● **Exercise brief**
Your task is to transcribe all of the data below exactly, omitting the images.

(Web page caption snippets)

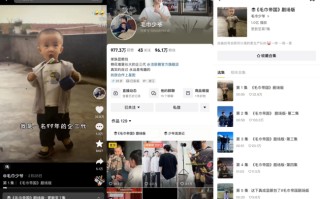 富三代逐梦网红圈：洁丽雅真总裁下场演短剧一场直播卖500万毛巾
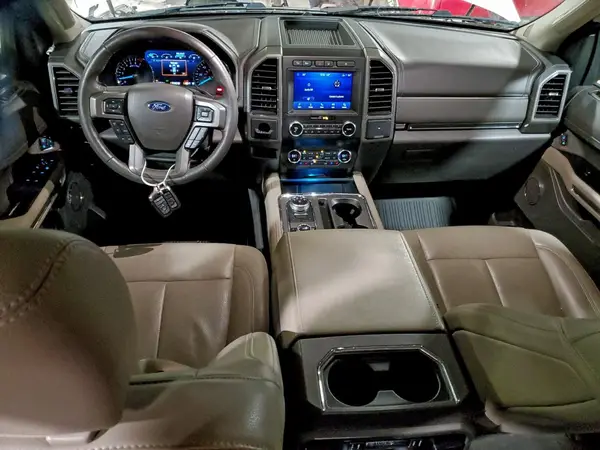 1FMJU1JT3LEA14808 2020 FORD EXPEDITION - Image 8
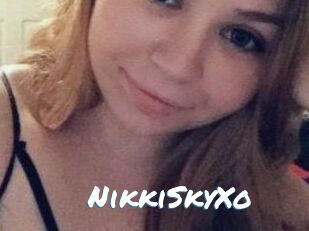 Nikki_Sky_Xo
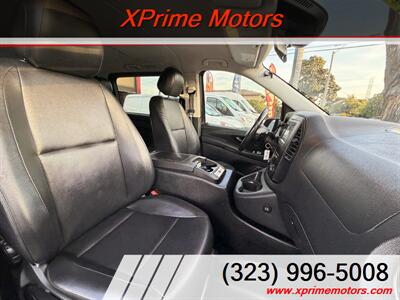 2018 Mercedes-Benz Metris Passenger   - Photo 34 - South Gate, CA 90280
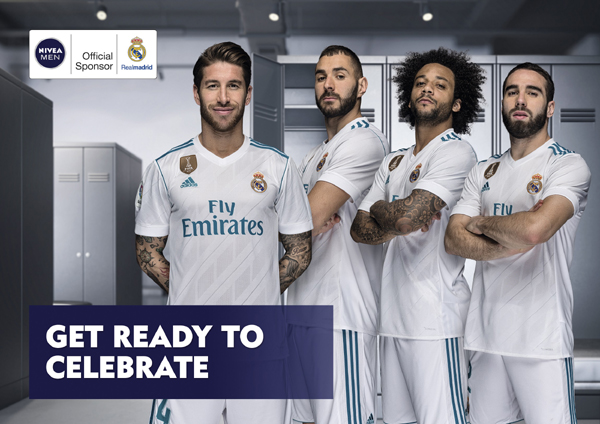 GET READY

● **Completed exercise**
 富三代逐梦网红圈：洁丽雅真总裁下场演短剧一场直播卖500万毛巾
 1FMJU1JT3LEA14808 2020 FORD EXPEDITION - Image 8
 Nikki_Sky_Xo
 2018 Mercedes-Benz Metris Passenger   - Photo 34 - South Gate, CA 90280
 GET READY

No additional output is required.